He and 28 of his friends were waving signs and hollering at honking cars to raise awareness for world hunger.
Their action was part of World Vision's 20th annual 30 Hour Famine, a fundraiser in which young adults go without food for more than a day to better understand what it means to be hungry. The teens began their fast at noon Friday and planned to break it together at a potluck Saturday evening.
"One of the core problems in the world is the billion people that go to bed hungry every night," said John Yeager, special-projects coordinator for World Vision, an international Christian humanitarian organization based in Federal Way. "If we can get teenagers to think about this at a young age, they may be more responsive to appeals [for aid] as they get older."

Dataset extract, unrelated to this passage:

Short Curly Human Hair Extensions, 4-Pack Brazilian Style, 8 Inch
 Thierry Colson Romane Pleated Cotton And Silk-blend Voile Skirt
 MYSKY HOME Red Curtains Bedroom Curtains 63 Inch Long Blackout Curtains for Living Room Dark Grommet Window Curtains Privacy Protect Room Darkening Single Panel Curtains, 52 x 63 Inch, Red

World Vision says it has raised $140 million since the famine project began in 1992, with this year's goal set at about $10 million, said Michele Tvedt, national manager of 30 Hour Famine. The money, mostly from pledges, goes to World Vision causes in countries such as Sudan, Haiti and Japan.
Kain's group, from the Cornerstone Community Baptist Church in Kent, had raised more than $3,000 by Saturday afternoon. Along the way, the teens took part in team-building activities and community service to raise awareness of the issue and help keep their minds off food.

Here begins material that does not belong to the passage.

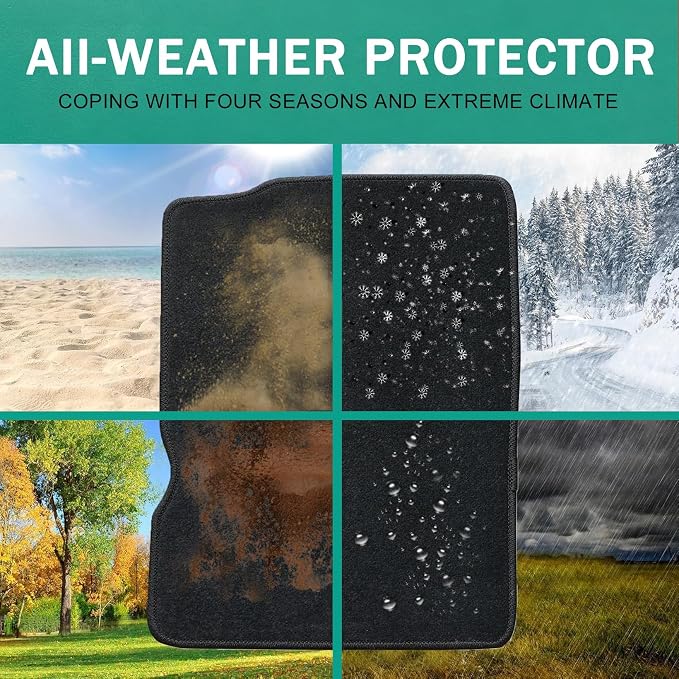 GXARTS Car Floor Mats Carpet Full Set All-Weather Protect Compatible with Chevy Equinox/GMC Terrain 4-Door 2010 2011 2012 2013 2014 2015 2016 2017 | Waterproof Black Car Mats with Anti-Slip Buckle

Tvedt, a 25-year-old from Lakewood, Pierce County, said she's done the event for 13 years. In August, Tvedt said, she had a chance to see firsthand where the funds go, when she led a group to a village in Bolivia.
She saw World Vision giving seeds to farmers and providing a loan to build a greenhouse so they could grow crops, which they sold to a bakery built with 30 Hour Famine funds, she said. In turn, that bakery baked bread for malnourished children at nearby schools.

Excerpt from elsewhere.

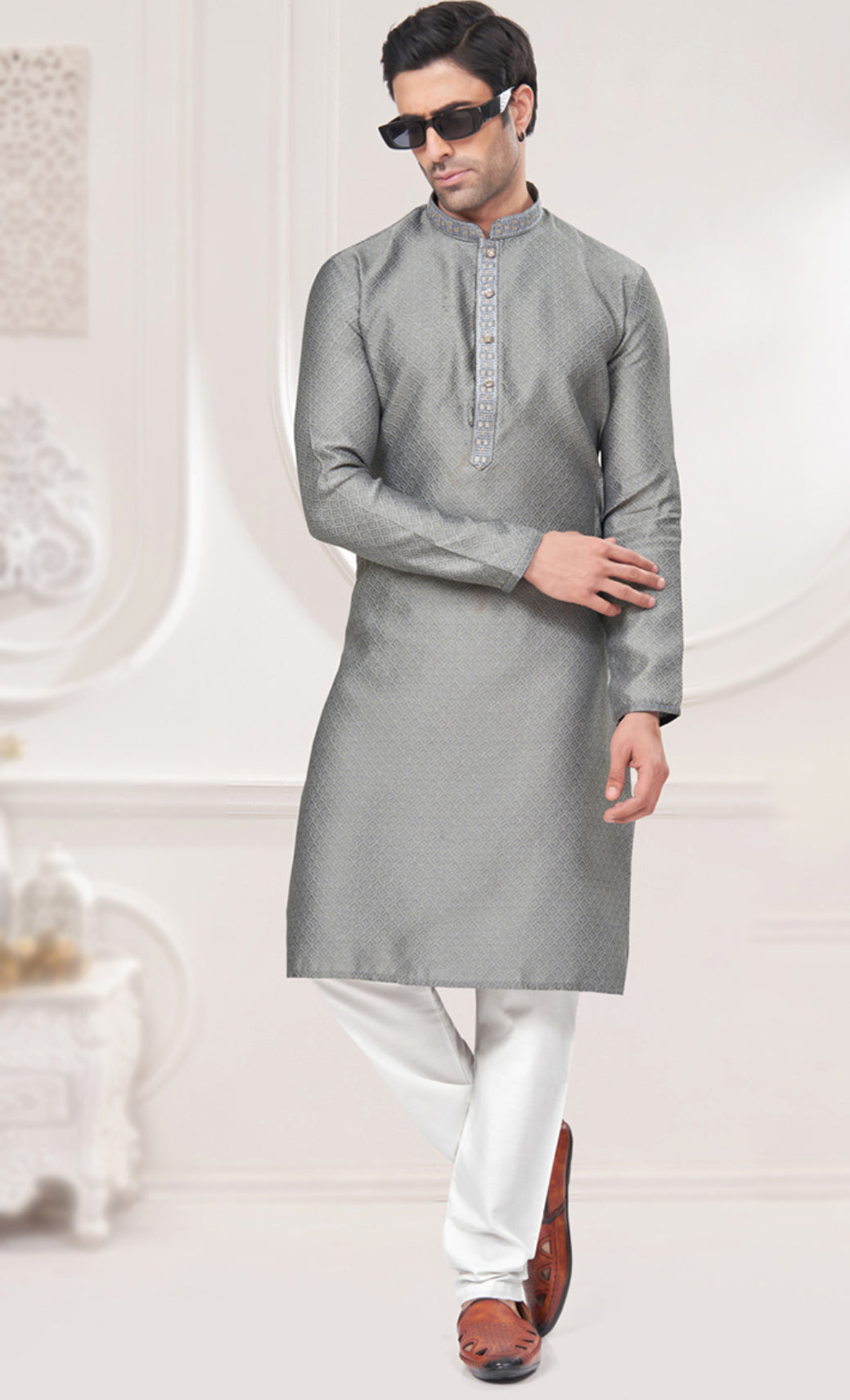 SilverJacquard weaved Kurta for men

"It's eye-opening," she said about the experience. "It's so, so simple compared to what we have."
Kain, who is in his third year at Green River Community College in Auburn, said he started participating in the event three years ago. "I needed to do it just to see what it felt like."
But with only three hours left to go in the fast, he was thinking about other things besides the cause.
"I would love some Hawaiian pizza," he said.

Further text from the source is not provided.